The first one was entirely unexpected, happened on the first grip of a route more or less and I suspect was mere overuse. The second one was at the end of a really hard and strenous climb and occured during a very odd claw-like position. This should give you the general idea although the wrist position was different,
I sprained one collateral ligament on the middle finger and injured my pulley on the right finger. I had a sense before I went on the route that I was a bit too fatigued but I expected to take a fall more than expected an injury.
I’m a life-long desk jockey though, so I imagine my hands are rather weak to begin with. And accustomed to typing on a keyboard, not sure what impact that has on hand health but I suppose computer programmers are prone to repetitive stress injuries and I reckon myself not to be an exception.
I’m not sure what’s holding me back at the moment. I haven’t given this any real thought because of actively nursing the latest pulley-injury (April?) so I can’t really approach a route the same way as I would if I were to climb it without injury. So the injury is what has been been holding me back the most. I’ve just been happy to be able to continue climbing albeit somewhat handicapped. If you allow me to think out aloud, here are my thoughts:
Bear in mind, I’ve just regained the ability to crimp. I cannot yet pinch with my left hand.

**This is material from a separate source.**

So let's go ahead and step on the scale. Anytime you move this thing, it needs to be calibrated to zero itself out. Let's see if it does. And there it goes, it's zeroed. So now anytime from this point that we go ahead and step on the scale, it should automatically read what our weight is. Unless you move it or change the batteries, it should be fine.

Endurance, good, adequate to finish the routes that I currently attempt. Very rarely do I pump out. Usually receive compliments on my ability to just work through a crux without having to take a break. While improving here always makes things easier, it’s not a high priority concern.

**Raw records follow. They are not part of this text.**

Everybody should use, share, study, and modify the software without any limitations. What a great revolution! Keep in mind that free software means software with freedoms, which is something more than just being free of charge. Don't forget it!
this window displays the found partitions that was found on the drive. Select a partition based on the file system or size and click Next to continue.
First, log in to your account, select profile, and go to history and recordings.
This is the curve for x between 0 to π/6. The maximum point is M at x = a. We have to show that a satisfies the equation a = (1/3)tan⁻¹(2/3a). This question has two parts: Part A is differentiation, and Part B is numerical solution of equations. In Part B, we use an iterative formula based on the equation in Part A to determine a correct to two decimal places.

Technique, my footwork and body-positioning is above average while remaining far from ideal but isn’t in immediate need of addressing. I try to rewatch Neil Greshams Masterclass whenever I feel like I’ve been relying too much on upper-body strength/low bodyweight.
Grip strength, this is my weak point. When I fail a boulder it’s because of this. When I cannot complete a lead route it’s always a grip issue.

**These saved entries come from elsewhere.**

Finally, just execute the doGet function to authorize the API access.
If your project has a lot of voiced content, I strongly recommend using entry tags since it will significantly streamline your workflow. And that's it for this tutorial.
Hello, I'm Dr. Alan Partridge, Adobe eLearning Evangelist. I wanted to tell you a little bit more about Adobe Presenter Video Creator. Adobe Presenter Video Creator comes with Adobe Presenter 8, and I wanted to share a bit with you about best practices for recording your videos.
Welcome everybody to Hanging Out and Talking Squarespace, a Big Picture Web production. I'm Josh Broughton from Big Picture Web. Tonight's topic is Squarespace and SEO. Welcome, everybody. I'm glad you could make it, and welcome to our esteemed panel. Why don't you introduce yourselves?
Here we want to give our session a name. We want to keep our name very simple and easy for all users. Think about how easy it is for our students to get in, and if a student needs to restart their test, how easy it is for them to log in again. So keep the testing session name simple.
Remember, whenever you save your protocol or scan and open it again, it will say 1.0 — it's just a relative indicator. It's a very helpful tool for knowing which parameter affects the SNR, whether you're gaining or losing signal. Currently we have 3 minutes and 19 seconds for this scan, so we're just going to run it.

What am I doing to address this currently? Well, just about fuck-all? To continue thinking out aloud I’ve noticed that spending time lead-climbing top-rope routes in the gym translates well into improving my hand strength and also since these aren’t on an overhang they tend to demand good technique instead.
On boulders I cannot bat hang for the life of me, but my shoes are partly to blame.
Now might be the time to start fix the grip. I have the Beast Maker 1000 (like) and Beast Maker 2000 (too hard) at home. The 1000 is available at the gym also as are off-brand variants of
I can barely! do pull-ups with one hand on the bar and the other on the dome. Also, I feel my climber’s elbow on my right side when I do this so I’ll save this piece of equipment for later. Occassionally during my gym warm-up I’ll do inverted rows with them (not using the half-dome)
I also have these, when my fingers are all good the idea is inverted rows as part of a warm-up.
I have a pair of fat gripz I could start utilising for pull-up/chin-ups but at the moment I prefer doing that movement as little as possible. Even using rings I aggrevate ye olde elbow.
Lastly, I built myself a pair of claspers that I attach a weight to do train my antagonist muscles as I was inspired by this but it’s not something I’ve done while injured and have instead just used rubber bands and opened my hand.
I find campus boards so boring, I end up just turning it into a pull-up showdown. Hangboards marginally more engaging.
I’ve just done trad climbing once, it’s not for me. I mean, I’ll do it again for sure, but I prefer the pace of sport/bouldering. To put it in lifting terms, I’m more enamored by sets of 4 than sets of 15.
If my hand was up to snuff I’d consider including a weekly moonboarding session but I don’t feel like I’m quite there yet.
Maybe I’ll start with your suggestion of the power endurance protocol. Would you do this before or after a climbing session or on a separate day?
I swear to iron that I once read a suggestion that was “when you walk, go up on your tippy-toes, it’ll create the illusion that you are tall because on average as you move your head is positioned higher”. Dumb. Shit.